In times of doubt the Jewish people turn to the Torah, or Book of the Law. This book has been interpreted by the Rabbis, or the learned men, and to meet the exigencies of living under many conditions, it has been changed, enlarged and augmented. In these changes the people were not consulted. Very naturally it was done secretly, for inspired men must be well dead before the many accept their edict. To be alive is always more or less of an offense, especially if you be a person and not a personage.

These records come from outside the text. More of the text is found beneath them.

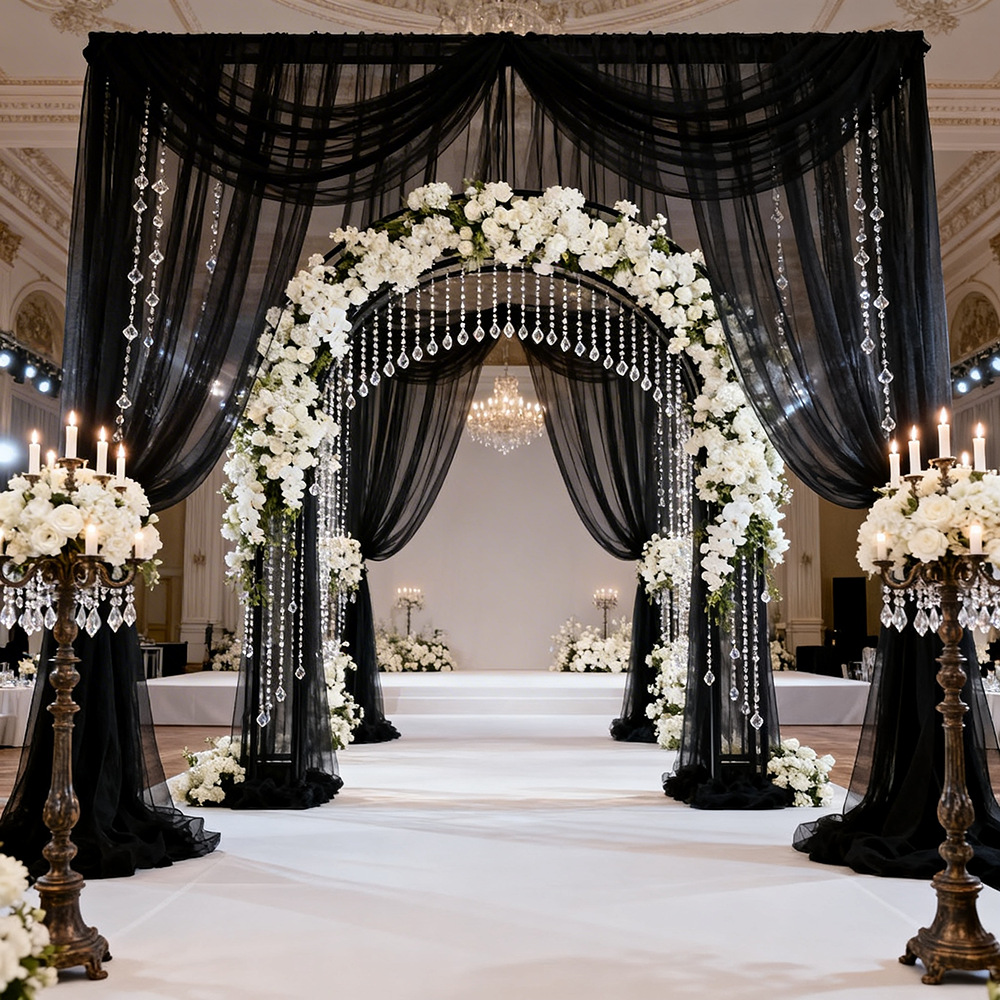 Extra Long Semi Transparent Tu - đánh giá và giá Wedding Backdrop Curtain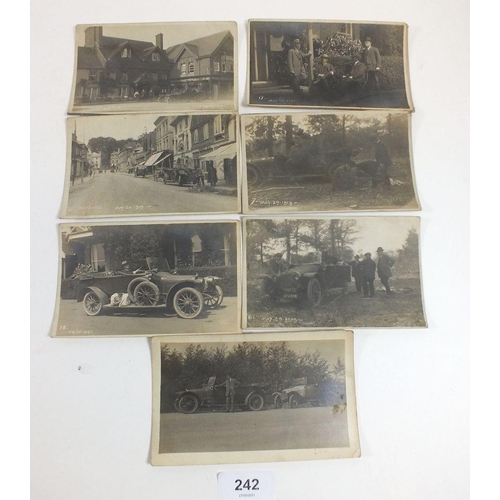 242 - Postcards - motoring RP's of vintage car at Brickwood and Co shop, Rowlands Castle, Hants, May 1919 ... 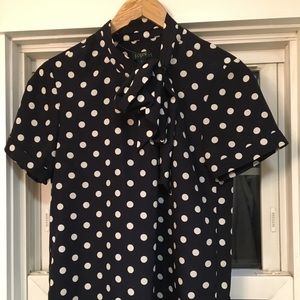 JCrew navy polka dot blouse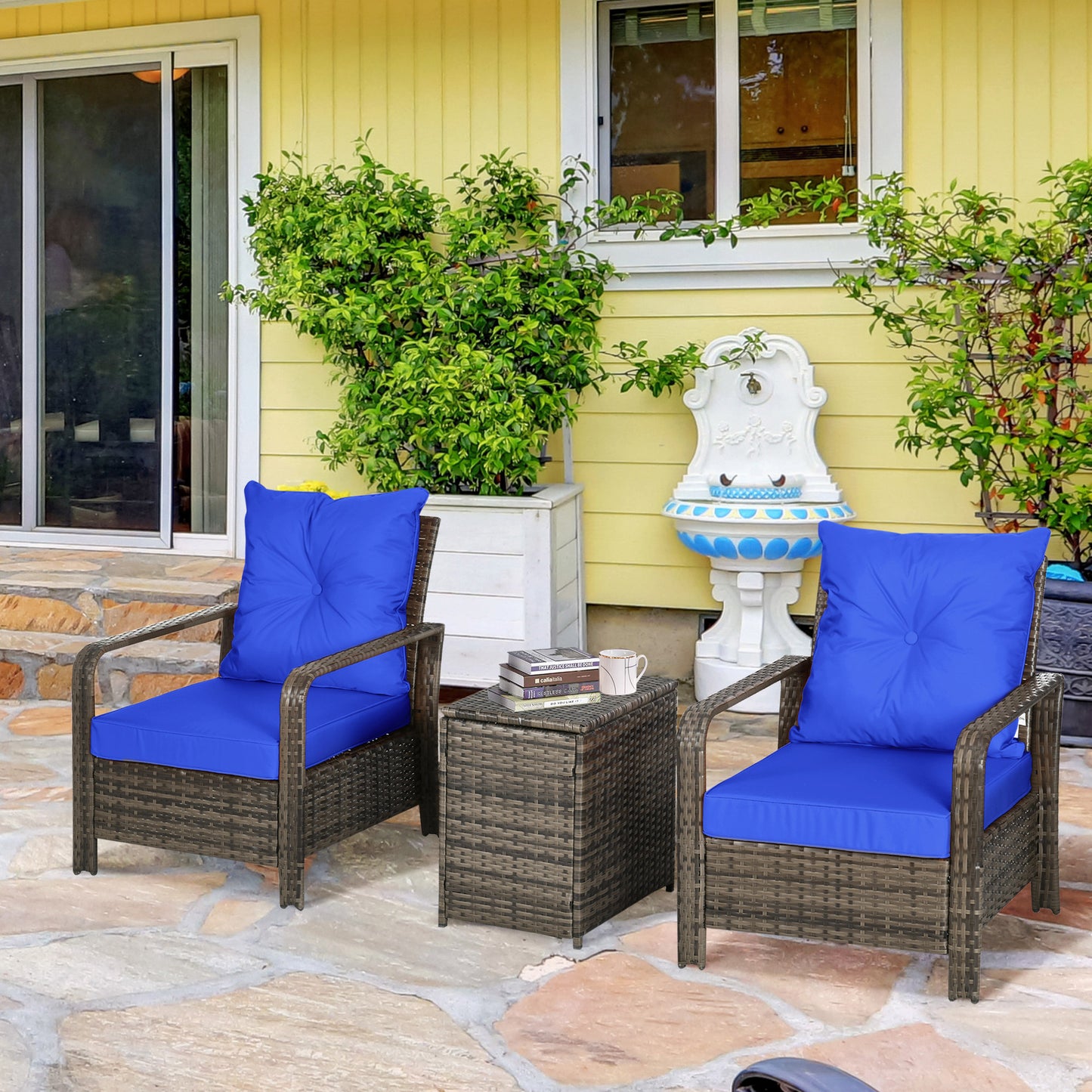 Outsunny 3 Piece Wicker Garden Furniture Set, Rattan Bistro Set with Storage Coffee Table and Thick Cushions, Outdoor Conversation Set for Garden, Porch, Balcony, Blue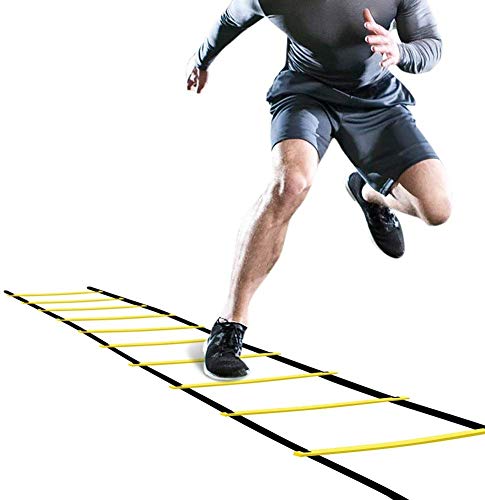 HCE Agility Ladder with Carry Bag - Hurdle Training Equipment for Quick Foot Exercise, Mental Alertness, Balance, Coordination for Football, Soccer, & Baseball （ 8-Mtr）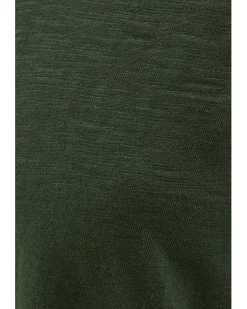 3/4 Sleeve V-Neck Tee with Curved Hem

The murmurings against Moses during his lifetime often broke into a rumble and a roar. The mob accused him of taking them out into the wilderness to perish. To get away from the constant bickering and criticisms of the little minds, Moses used to go up into the mountains alone to find rest, and there he communicated with his god. It was surely a great step in advance when all the Elohims were combined into one Supreme Elohim that was everywhere present and ruled the world. Instead of dozens of little gods, jealous, jangling, fearful, fretful, fussy, boastful, changing walking-sticks to serpents, or doing other things quite as useless, it was a great advance to have one Supreme Being, dispassionate, a God of Love and Justice, “with whom can be no variation, neither shadow that is cast by turning.” This gradual ennobling of the conception of Divinity reveals the extent to which man is ennobling his own nature.
Up to within a very few years God had a rival in the Devil, but now the Devil lives only as a pleasantry. Until the time of Moses, the God of Sinai was only the God of the Hebrew people, and this accounts for His violence, wrath, jealousy, and all of those qualities which went to make up a barbaric chief, including the tendency of His sons and servants to make love to the daughters of earth.

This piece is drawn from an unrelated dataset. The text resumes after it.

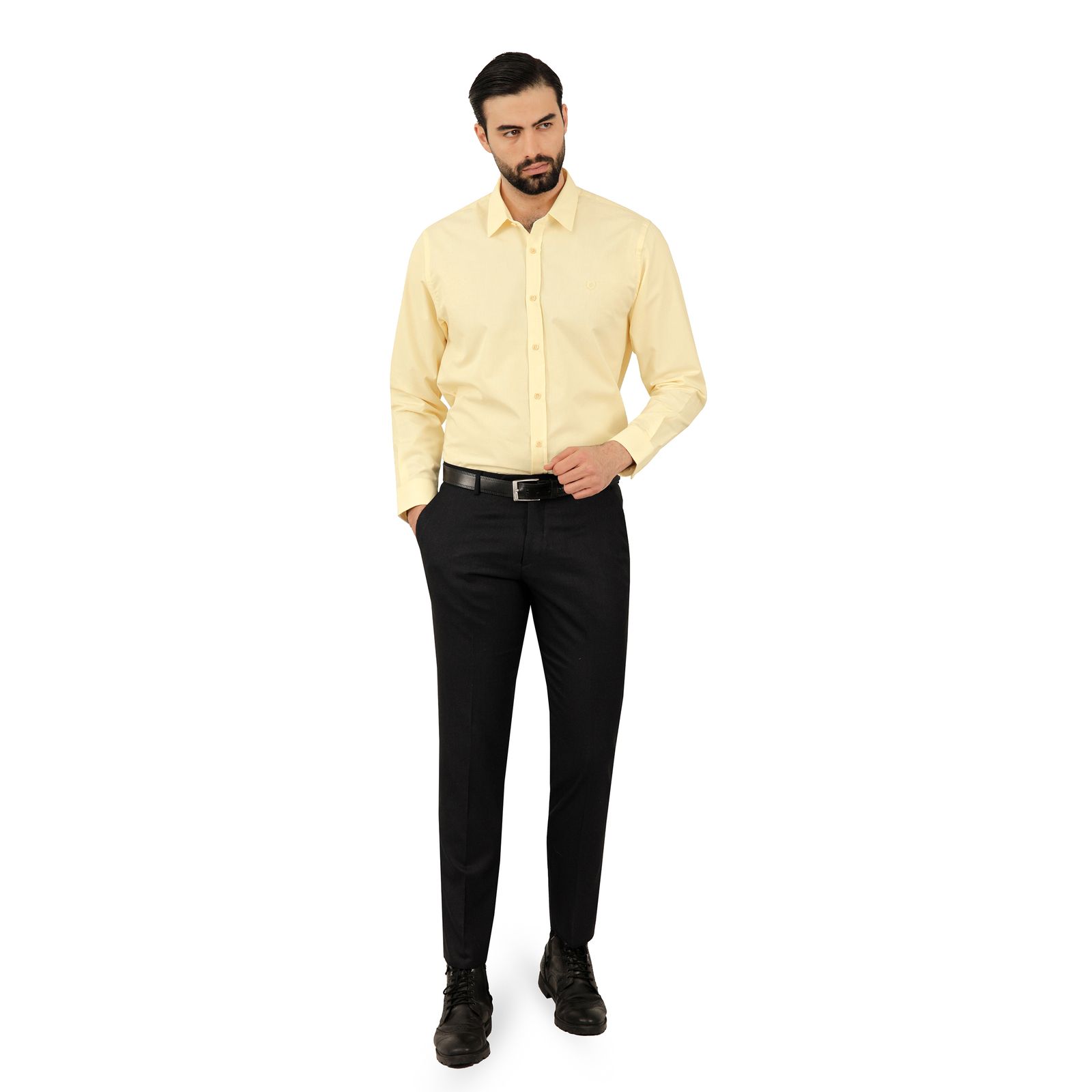 پیراهن آستین بلند مردانه پاتن جامه مدل  102721020242125 رنگ لیمویی -  - 2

It is probable that the idea of God–in opposition to a god, one of many gods–was a thought that grew up very gradually in the mind of Moses. The ideal grew, and Moses grew with the ideal.
Then from God being a Spirit, to being Spirit, is a natural, easy and beautiful evolution.
The thought of angels, devils, heavenly messengers, like Gabriel and the Holy Ghost, constantly surrounding the Throne, is a suggestion that comes from the court of the absolute monarch. The Trinity is the oligarchy refined, and the one son who gives himself as a sacrifice for all the people who have offended the monarch is the retreating vision of that night of ignorance when all nations sought to appease the wrath of their god by the death of human beings.
God to us is Spirit, realized everywhere in unfolding Nature. We are a part of Nature–we, too, are Spirit. When Moses commands his people that they must return the stray animal of their enemy to its rightful owner, we behold a great man struggling to benefit humanity by making them recognize the laws of Spirit. We are all one family–we can not afford to wrong or harm even an enemy.
Instead of thousands of warring, jarring families or tribes, we have now a few strong federations of States, or countries, which, if they would make war on one another, would today quickly face a larger foe. Already the idea of one government for all the world is taking form–there must be one Supreme Arbiter, and all this monstrous expense of money and flesh and blood and throbbing hearts for purposes of war, must go, just as we have sent to limbo the jangling, jarring, jealous gods. Also, the better sentiment of the world will send the czars, emperors, kings, grand dukes, and the greedy grafters of so-called democracy, into the dust-heap of oblivion, with all the priestly phantoms that have obscured the sun and blackened the sky. The gods have gone, but MAN IS HERE.